# Directions
Please copy the data below exactly, from its first line through the line holding "A health worker", and skip the pictures.

# Supplied records
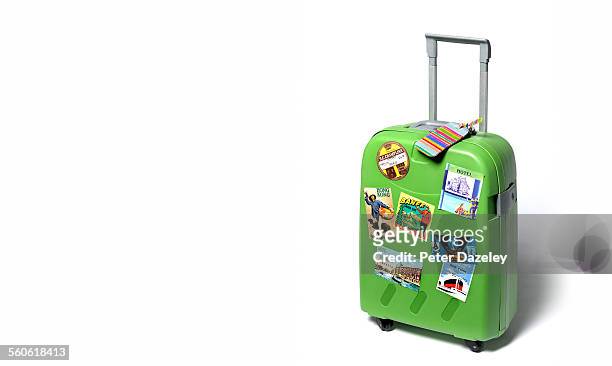 travel suitcase with travel stickers - maleta fotografías e imágenes de stock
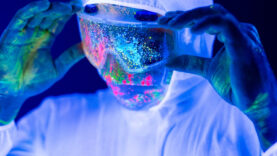 Portrait of man doctor in protective clothes in ultraviolet neon light during coronavirus pandemic.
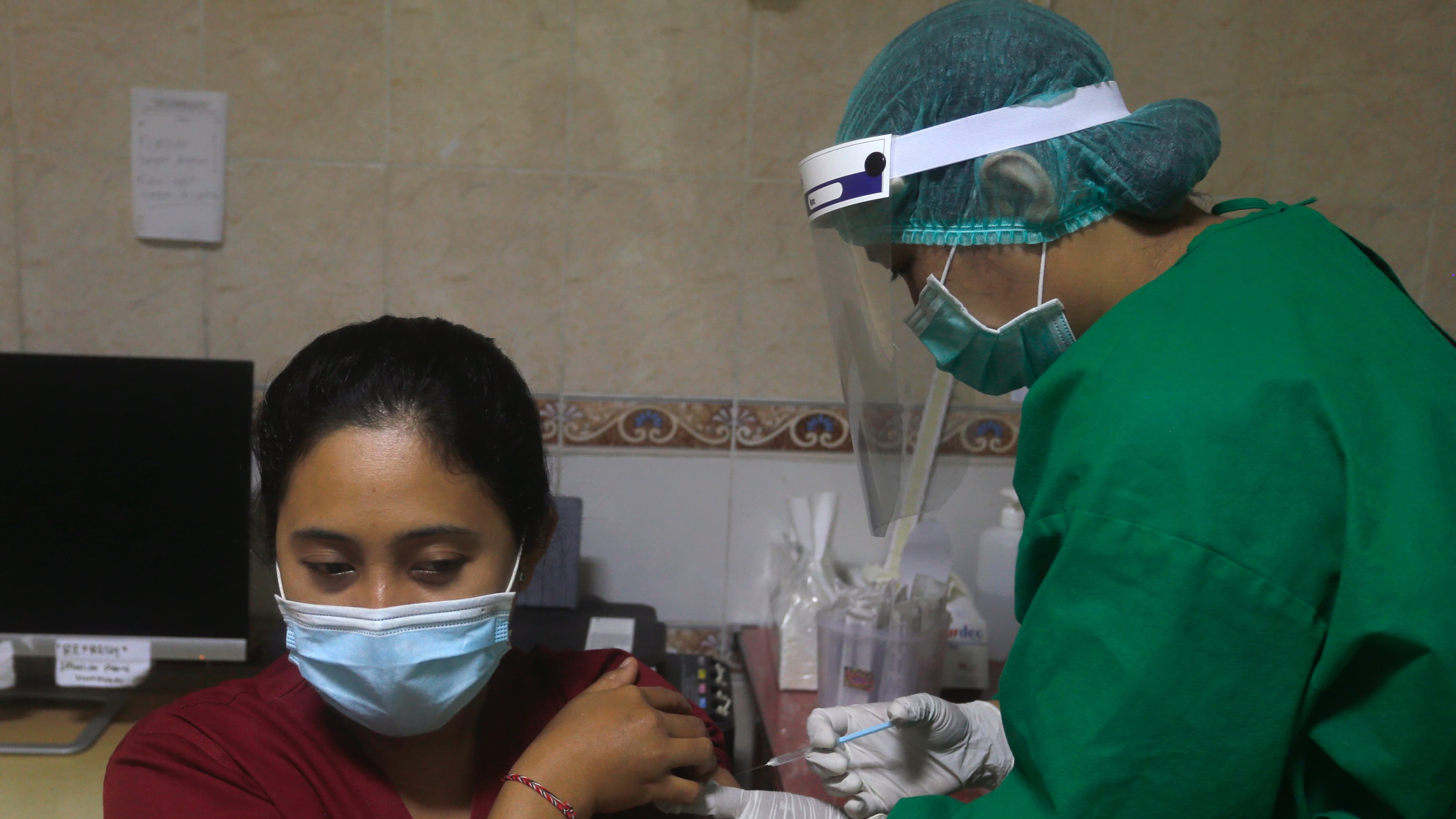 A health worker gives an injection to a mock patient during a coronavirus vaccine drill in Bali, Indonesia.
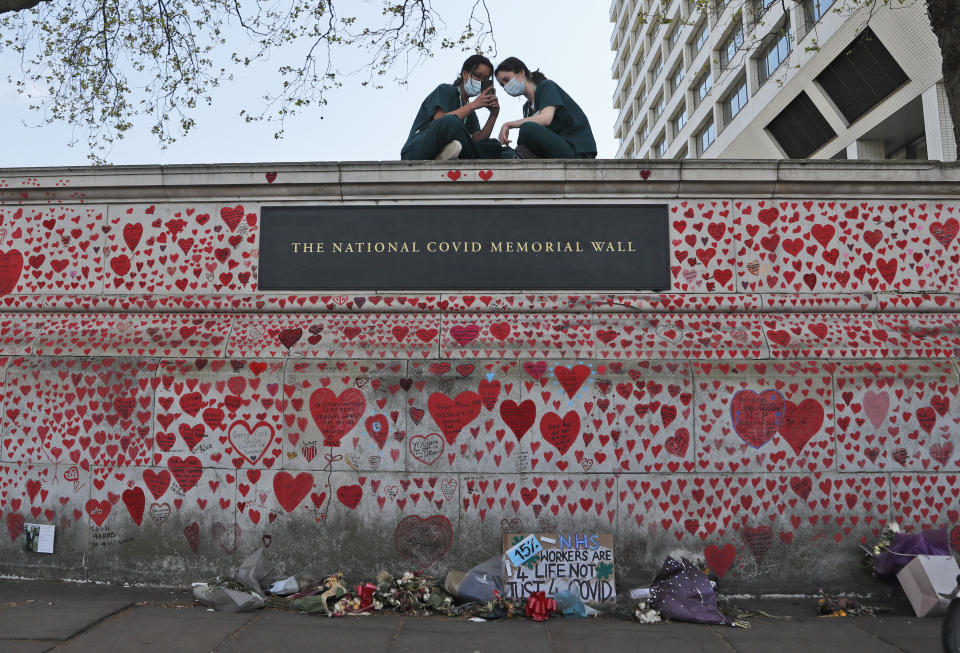 FILE - Nurses from the nearby St Thomas' hospital sit atop the National Covid Memorial Wall in London, April 27, 2021. The pandemic is again roaring across parts of Western Europe, a prosperous region with relatively high vaccination rates and good health care systems but where lockdown measures to rein in the virus are largely a thing of the past. The U.K. had Europe’s highest infection rates for months after the government lifted remaining restrictions on social and economic life in mid-July — though cases have gone up and down since then, and now appear to be falling. (AP Photo/Frank Augstein)
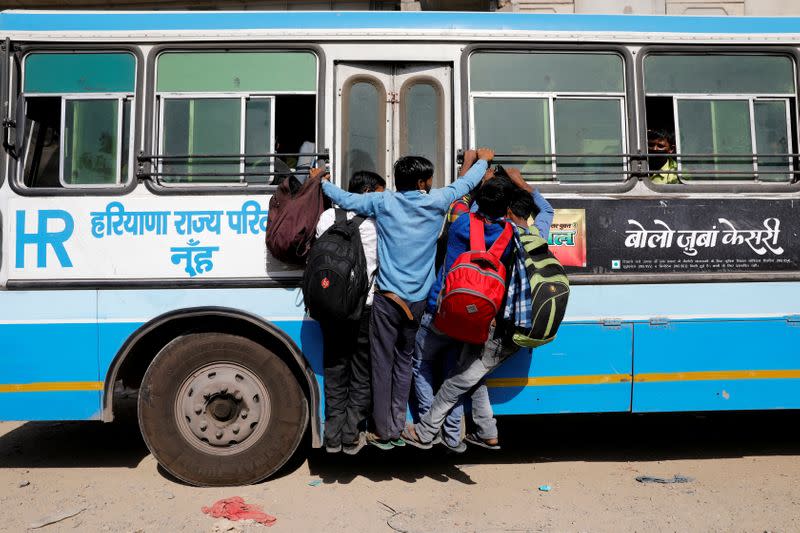 Migrant workers hang on to a door of their moving bus as they return to their villages, during a 21-day nationwide lockdown to limit the spreading of coronavirus disease (COVID-19), in Ghaziabad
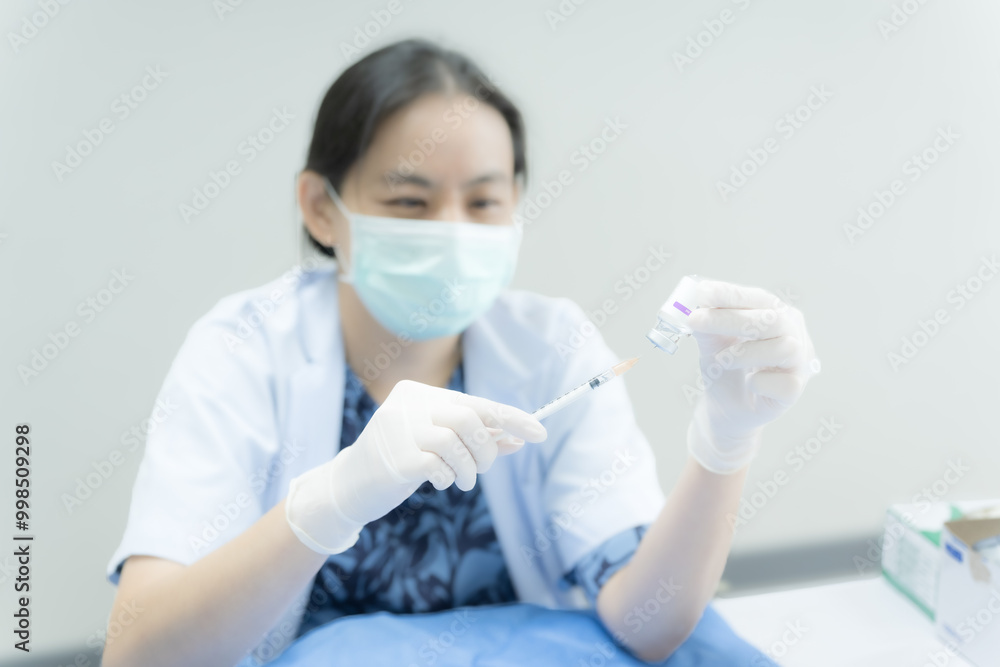 Doctor's hand holding syringe and bottle for HPV (Human papilloma virus) vaccination.Vaccine for protection Coronavirus (Covid-19) infection.Vaccination for flu treatment. Doctor's hand holding syringe and bottle for HPV (Human papilloma virus) vaccination.Vaccine for protection Coronavirus (Covid-19) infection.Vaccination for flu treatment.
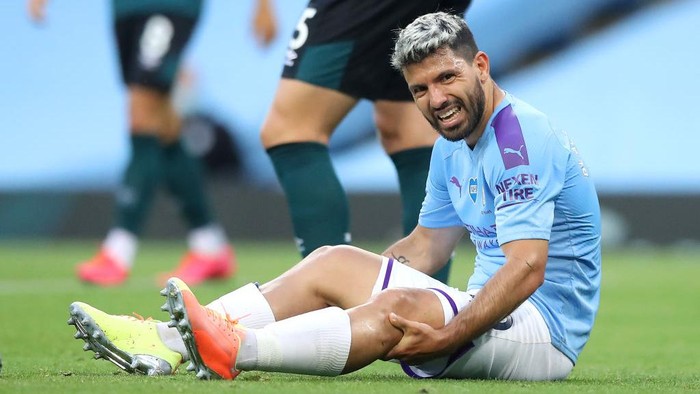 MANCHESTER, ENGLAND - JUNE 22: Sergio Aguero of Manchester City reacts while sitting on the pitch injured during the Premier League match between Manchester City and Burnley FC at Etihad Stadium on June 22, 2020 in Manchester, England. Football stadiums around Europe remain empty due to the Coronavirus Pandemic as Government social distancing laws prohibit fans inside venues resulting in all fixtures being played behind closed doors. (Photo by Martin Rickett/Pool via Getty Images)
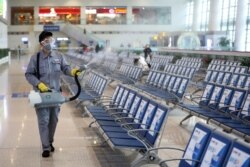 FILE - A worker in protective mask disinfects a waiting hall following the outbreak of a new coronavirus at the Nanjing Railway Station, in Nanjing, Jiangsu province, China, Jan. 27, 2020.
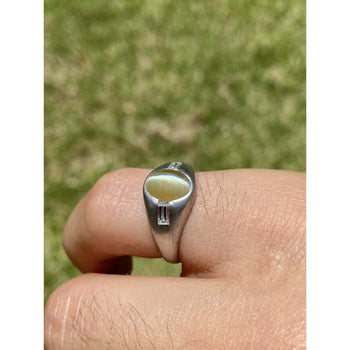 Diamants œil-de-chat naturels et diamants taille baguette sur une Bague en platine – Assay Jewelers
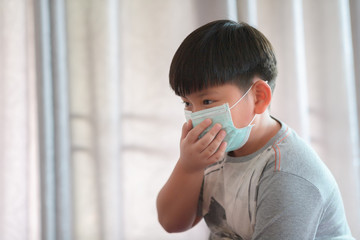 Portrait of little asian boy wearing mask sitting in room for protect pm2.5 and stop corona virus outbreak. Coronavirus and Air pollution pm2.5 concept.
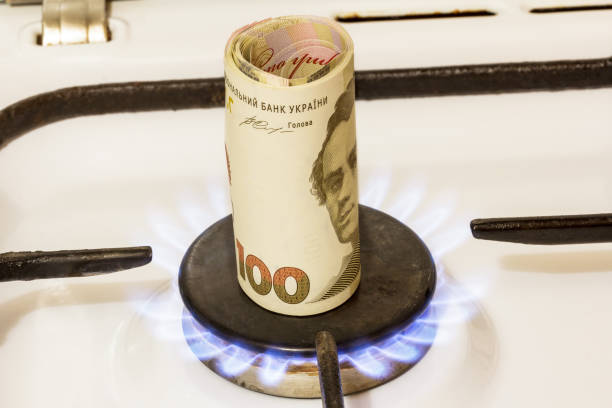 pila de cien notas de hryvnia en una estufa de gas en el centro de la comodidad del gas, quemaduras de gas. - ukraine hryvnia currency paper currency fotografías e imágenes de stock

# Written solution
 travel suitcase with travel stickers - maleta fotografías e imágenes de stock
 Portrait of man doctor in protective clothes in ultraviolet neon light during coronavirus pandemic.
 A health worker gives an injection to a mock patient during a coronavirus vaccine drill in Bali, Indonesia.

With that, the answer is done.